The Pontiff wanted to emphasize the personal relationship with the Lord, which is necessary for carrying out the mission and dedication to our brothers and sisters. Without this relationship of personal love, mission is not possible - out of love for the other - because there is no experience of God: "This experience of God's love in Christ is pure light that transfigures the face and makes it in turn resplendent. Brothers and sisters, the Christian life is born of the contemplation of this face, it is a matter of love, of a daily encounter with the Lord in the Word and in the Bread of life, in the face of others, in those in need, where Christ is present".

In this sense, he encouraged the small but active religious community and consecrated men and women who carry out their pastoral work in Mongolia to "taste and see the Lord, to return again and again to that first glance from which everything arose".

The Church has no political agenda

Another point the Pope wanted to stress was the mission of the Church, which governments need not fear because the Church "has no political agenda to advance, but knows only the humble power of God's grace and of a Word of mercy and truth, capable of promoting the good of all.

Although the numbers of the Church in Mongolia are small, the Pope stressed the need for communion. In this sense, he wanted to point out that "the Church is not understood on the basis of a purely functional criterion, according to which the bishop acts as moderator of the various members, perhaps based on the principle of the majority, but by virtue of a spiritual principle, by which Jesus himself becomes present in the person of the bishop to ensure the communion of his Mystical Body".

In this sense, he recalled that the unity of the whole Church and communion with Rome have a clear example in Mongolia, which, despite its small number, has a cardinal at its head: Msgr. Giorgio Marengo.

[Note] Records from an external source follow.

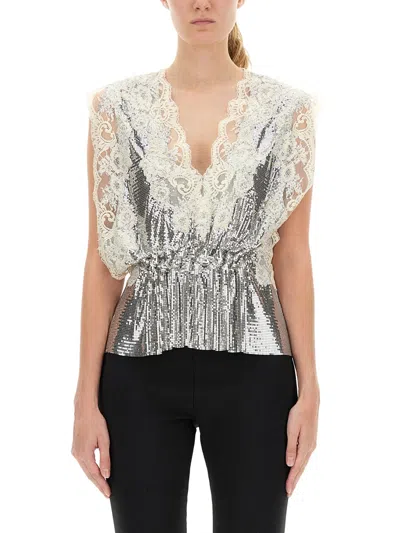 Coutr.com Rabanne Lace-insert Mesh Gathered-waist Top In Silver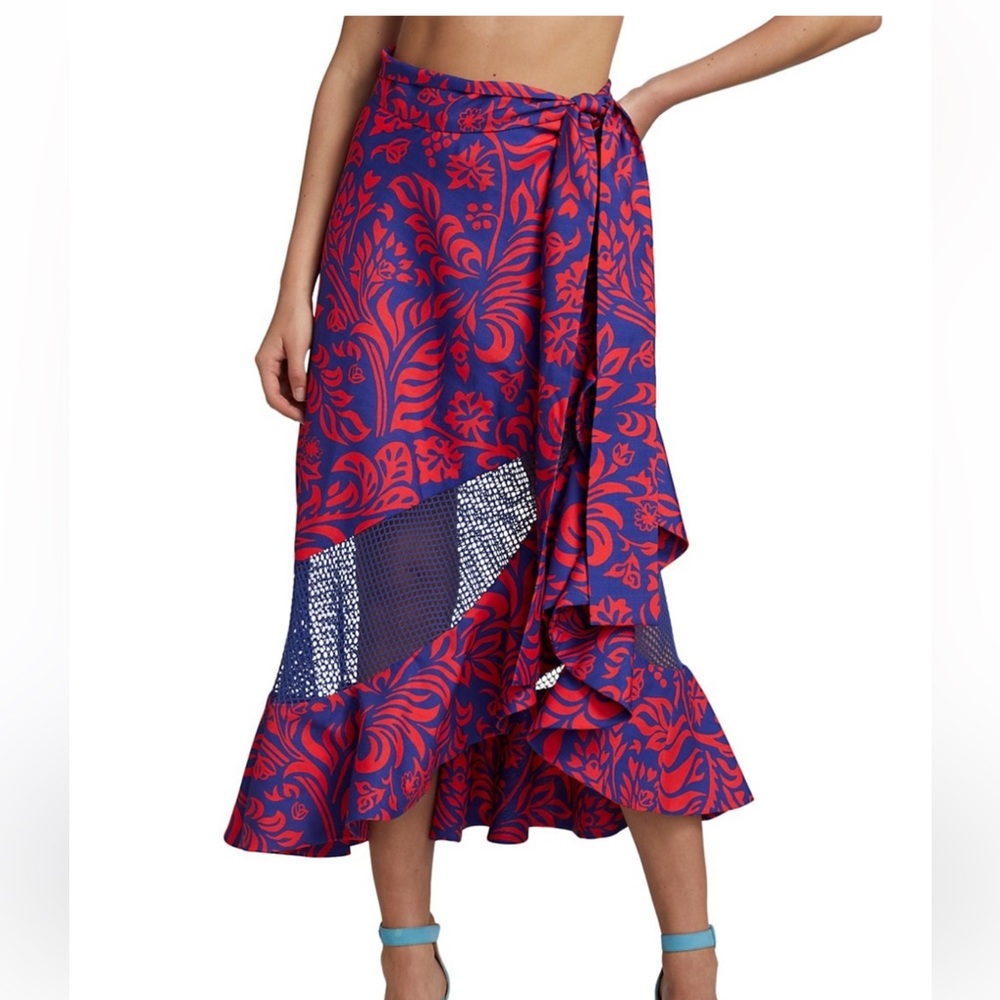 PATBO Pua Ruffled Mesh-Panel Wrap Skirt size small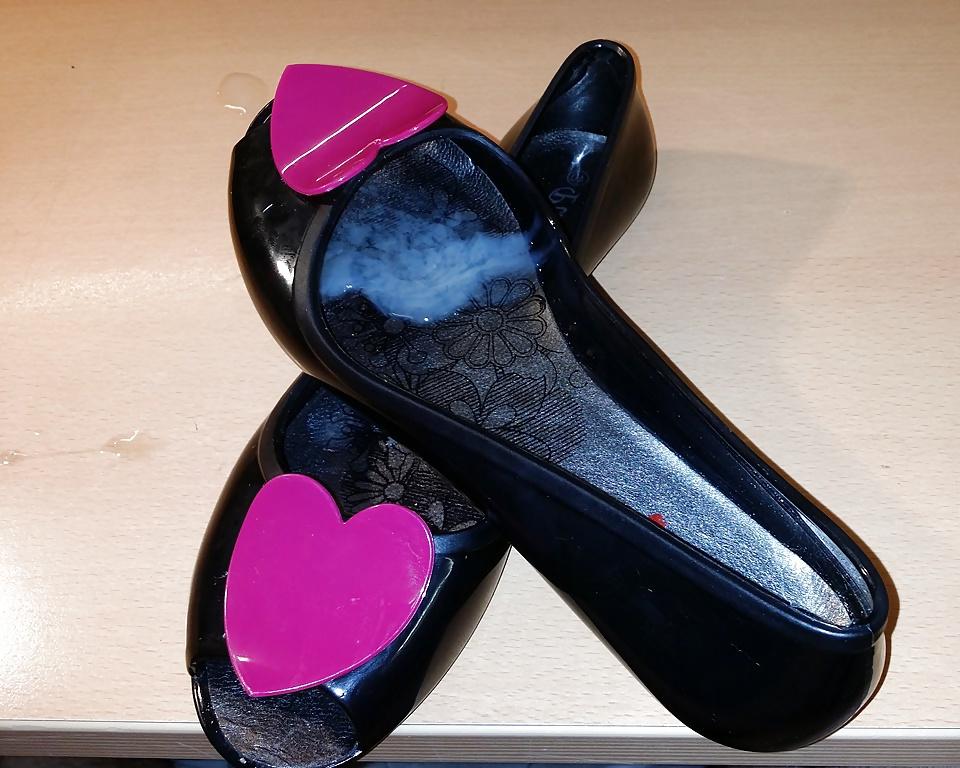 9P Fuck and cum open toe ballet flat sandals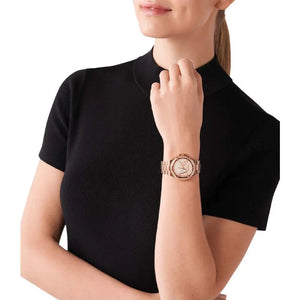 Michael Kors MK7230 Lennox Three Hand Rose Gold Dial Rose Gold Steel Strap Watch For Women Michael Kros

Finally, the Pope has turned his gaze to Our Lady. It is not a casual glance, Marian devotion has a strong meaning in this trip in which the Pope will bless the image of the Mother of Heaven, a wooden carving that a Mongolian woman found and rescued from a garbage dump before the fall of the communist system and the arrival of the Church.

The Pope referred to this Marian devotion as a sure pillar and emphasized that "our heavenly Mother, who - I was very pleased to discover - wanted to give you a tangible sign of her discreet and prompt presence by allowing an image of herself to be found in a rubbish dump. This beautiful statue of the Immaculate appeared in a waste place. She, without stain, immune to sin, wanted to become close to them to the point of being confused with the refuse of society, so that from the filth of the garbage has emerged the purity of the Holy Mother of God".